What Makes Something Cute? Cute vs. Kawaii

robot hello kitty

‘Cute’ describes something attractive in a pleasing, nonthreatening way. Things that are small or young are often described as cute: babies, fluffy puppies with big eyes, squishy toys. Cute things are easy to like.

Creepiness in Art and Storytelling.

When the word first appeared in English in 1731, it was a shortened form of acute, the adjective meaning “shrewd,” “keen,” or “clever.” It even had its own opening apostrophe—’cute—to let you know it had been clipped.

The Totally Adorable History of Cute by Katy Waldman
The Power of Cute by Simon May (2019)

What does “cute” mean, as a sensibility and style? Why is it so pervasive? Is it all infantile fluff, or is there something more uncanny and even menacing going on—in a light-hearted way?

We usually see the cute as merely diminutive, harmless, and helpless. May challenges this prevailing perspective, investigating everything from Mickey Mouse to Kim Jong-il to argue that cuteness is not restricted to such sweet qualities but also beguiles us by transforming or distorting them into something of playfully indeterminate power, gender, age, morality, and even species. May grapples with cuteness’s dark and unpindownable side—unnerving, artful, knowing, apprehensive—elements that have fascinated since ancient times through mythical figures, especially hybrids like the hermaphrodite and the sphinx. He argues that cuteness is an addictive antidote to today’s pressured expectations of knowing our purpose, being in charge, and appearing predictable, transparent, and sincere. Instead, it frivolously expresses the uncertainty that these norms deny: the ineliminable uncertainty of who we are; of how much we can control and know; of who, in our relations with others, really has power; indeed, of the very value and purpose of power.

Notes below are from Simon May, British philosopher, speaking on the “Totes Adorbs” episode of the Smarty Pants podcast and on the “Kitsch — Cute” episode of Thinking Allowed.

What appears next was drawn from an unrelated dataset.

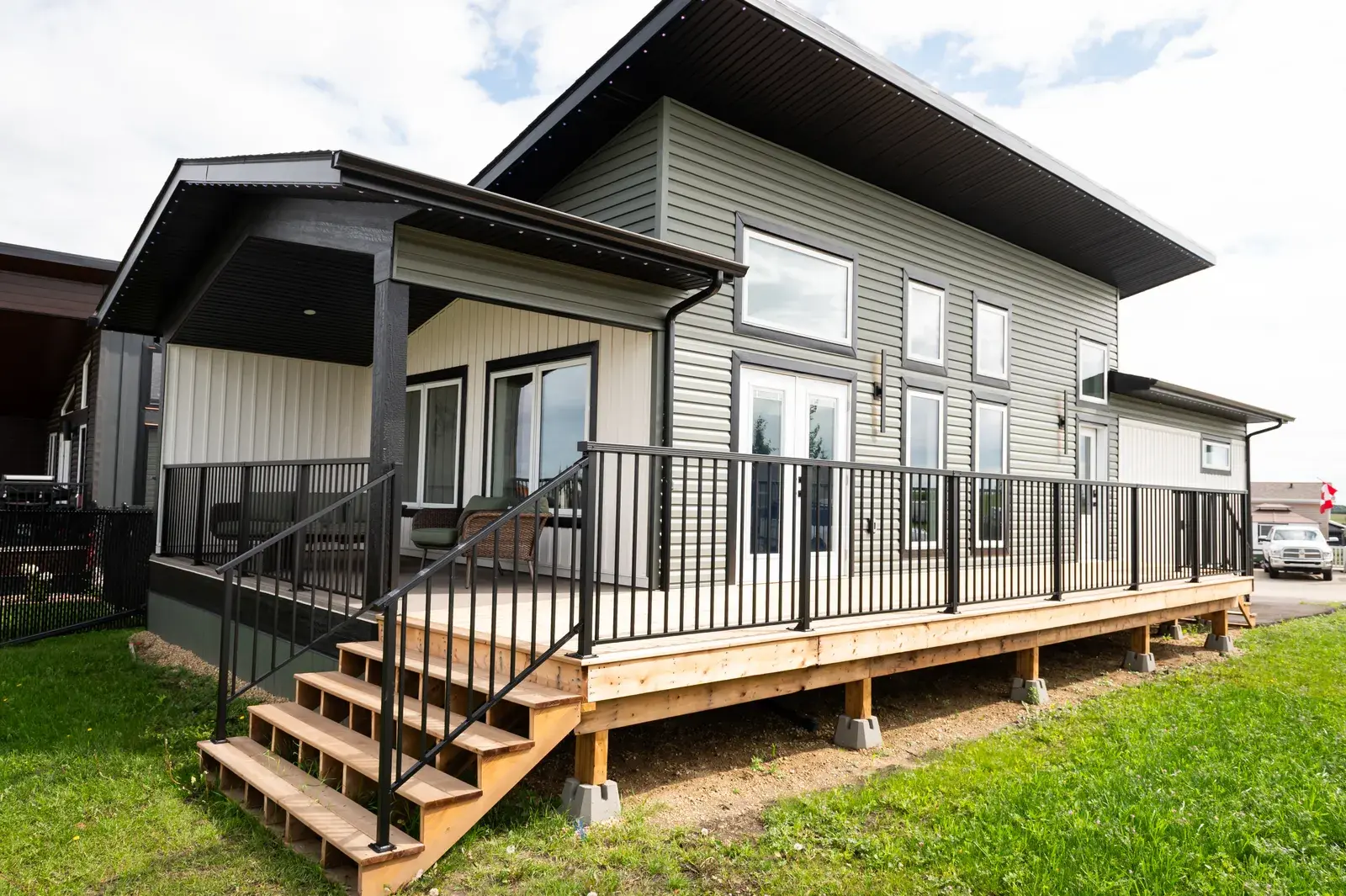 Rear of a Blackfalds-area home in sage-green lap siding with a covered porch, wood deck and black railings, finished by PJM Home Advantage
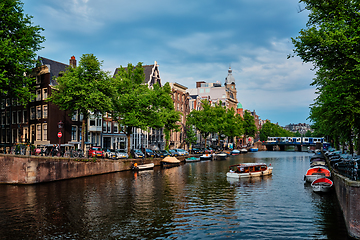 Image showing Amsterdam view - canal with boad, bridge and old houses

  • Cuteness as we know it today wasn’t a thing before WW2, and it really only took off in the 1980s, at which point it swept the world.
  • Cuteness is commercially huge: Mickey Mouse (the updated version), E.T., Hello Kitty, cute dinosaurs in The Land Before Time, to today’s emojis.
  • There’s another kind of cute which is more interesting to many people: An uncanny, hybrid character which is somehow deformed or hobbled. (Note: Hello Kitty — originally a little girl, not a cat — has no mouth and no voice. That should be creepy, right?)
  • Our world is fascinated by indeterminacy. Simon May uses the word ‘unpindownability’ when describing the essence of ‘cute’. Clear categories of yore (male/female, child/adult, human/animal) are breaking down. Trans and non-binary genders are now in people’s consciousness. The child is thought to be always present in the adult (since Freud). Humans are a type of animal, continuous with it rather than completely distinct (since Darwin). (My addition: Binaries are collapsing left, right and centre. This is always reflected in pop culture. A further example: the collapsing binary between the public and the private. Black Mirror is an excellent treatment of that. Any collapsing binary evokes a sense of moral uncanniness.)
  • The child is becoming ‘the supreme object of love’, taking over from the romantic couple as ‘locus of the sacred’. This wasn’t the case 100 years ago, in a world with child labour, sexual abuse of children which wasn’t deemed abuse. We prioritise children in our (un)consciousness now.
  • Since WW2 there has been an attempt to free the world of the idea that ‘might is right’. We’ve only had organisations which work things out between states since the end of WW2. Before then it was always brute force.
  • These three phenomena combined mean we are fascinated by the small, plucky character. Caveat: The small, plucky character must be presented in a light-hearted register. Serious cuteness doesn’t work.
  • Cuteness also breaks down the dichotomy between sincerity and insincerity. Sincerity, lionised since the eighteenth century (thanks to Rousseau), presupposes an inner world which is given expression in an external world. (Sincere is when actions are believed to line up with inner thoughts/emotions.) But cuteness has no inner world. If there’s no inner world there’s nothing to be either sincere or insincere about. Cuteness steps outside the cult of sincerity, hence the accusation of superficiality. But Simon May questions the degree to which we can really know ourselves. The very concept of sincerity presupposes a high level of interoceptive skills.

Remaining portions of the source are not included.